Thus I do affirm the sacrificial (and not merely pro forma) subordination of the Son to the Father from all eternity. Indeed, that’s a key part of why I believe St. Paul is talking about universal salvation as a goal of God in 1 Cor 15.

Again, I’m not trying to justify the doctrine--not that I think it’s wrong to try to justify it, only that I’d have to start waaaaaaaaaaaaaaaaaaaaaay back at far more basic metaphysical analysis (such as ‘is there any point in bothering to even try thinking about such things at all’) and slowly working forward through dozens and dozens of points before getting to the kind of meditation I was talking about in my first comment. (That’s why I don’t blame you for calling it “castle-in-the-air spinning”; naturally it would look like that, and some theologians do try to start with the doctrines all together in place from the first.)

I’m currently doing a very partial series on orthodox metaphysics for the Christian Cadre journal, including argumentative justification of points (outside a scriptural authority frame, too). I think I’m up to part 18 now, not counting a prologue which very incompletely summarizes several hundred pages of analysis leading to where I began the series. Not all the justifications are there, because of the missing chapters, but I’ll be going back to do previous sections of chapters eventually. (I decided to start where I did, so that my fellow Cadrists would be better reassured about where I was going to end up, in doing the series as a whole. Also, it had become topically relevant in several ways at the time I began the series.)

{{Honestly, I don't mean that as an insult — it's just my visceral response to your comment.}}

I’m actually a bit flattered you would call it “fancy philosophical talk”. {g!}

{{Personally, I prefer to work with the text of scripture. I don't believe Paul ever says that Jesus is equal to God.}}

Which brings us back to Fee’s analysis about the use of ‘Lord’. Where Fee demonstrates that St. Paul is working with an OT usage of ‘kyrios’ as a title of _the_ God. By applying this title to Jesus, Paul is therefore identifying Jesus with the Lord God of the OT (identity of substance, in orthodox parlance). At the same time, Paul (almost?) always restricts the name/titles of Lord and God to Son and Father respectively; which Fee argues is intended to be a clear distinction of Persons.

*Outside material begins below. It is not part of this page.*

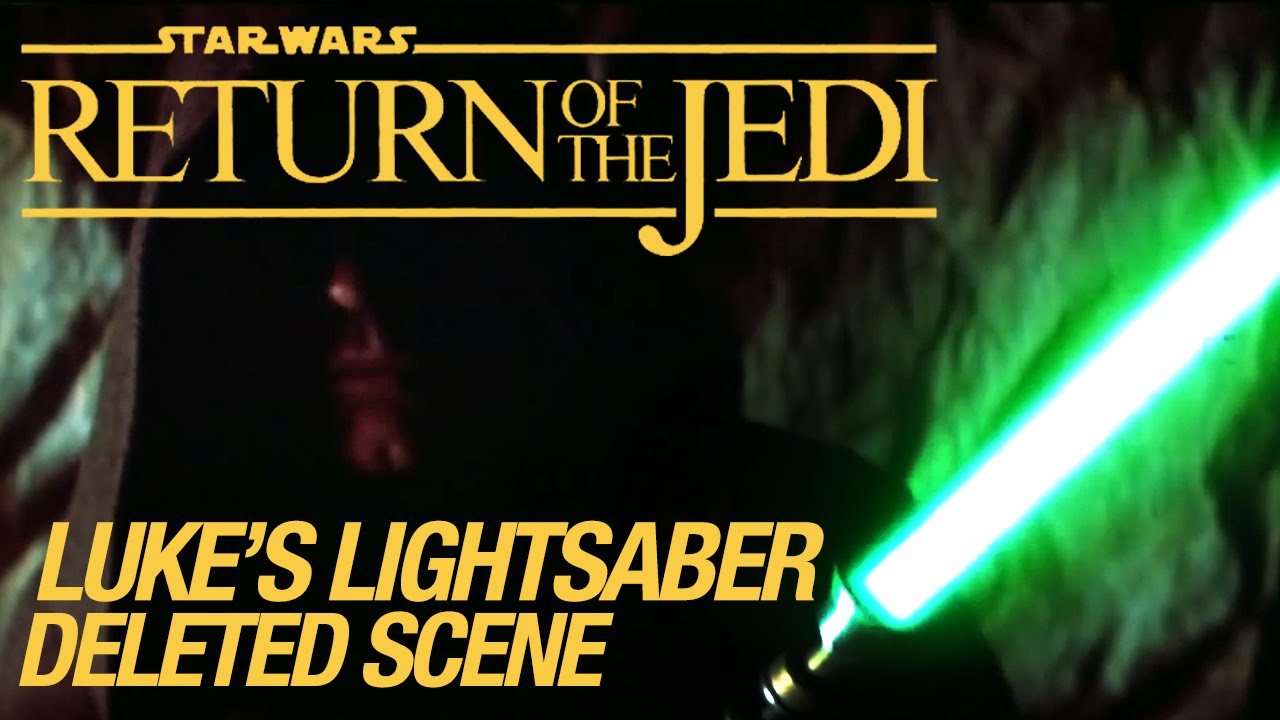 Star Wars Vi Return Of The Jedi Deleted Scene Luke S Lightsaber Youtube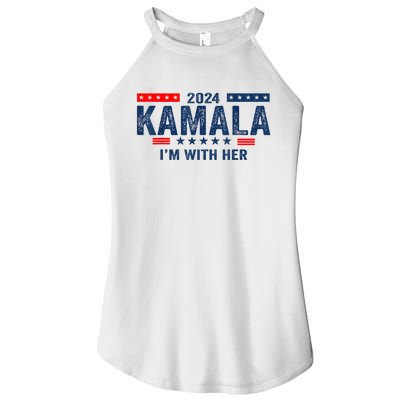 IM With Her Kamala Vote For 2024 President Kamalaharris Women’s Perfect Tri Rocker Tank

Obviously, you agree with Fee about Paul’s nominal titular usage habit being an intention of clear distinction of Persons. Your dispute, therefore, should be with Fee’s conclusions about Paul’s ‘kyrios’ usage hearkening back to OT ‘kyrios’ usage. I haven’t heard you complaining about that (specifically) yet, but I haven’t read all the other thread commentaries either.

Since you agree with Fee (whether you realized it or not) about the distinction of Persons in Paul’s titular usage, though, then you’ll have to target his conclusion of Paul’s identification of ‘kyrios’ with ‘ho theos’ in OT usage, in order to avoid a conclusion of Paul teaching (per orthodoxy) a distinction of Persons in a unity of Substance.

{{I should add that Fee doesn't, to my knowledge, employ the kind of metaphysical speculative language that you're using.}}

That’s true, which is why when (briefly) answering your question about Fee earlier, I didn’t refer to such things. Nor did I refer to them now when (less briefly) answering your question about Fee again, this time in more detail.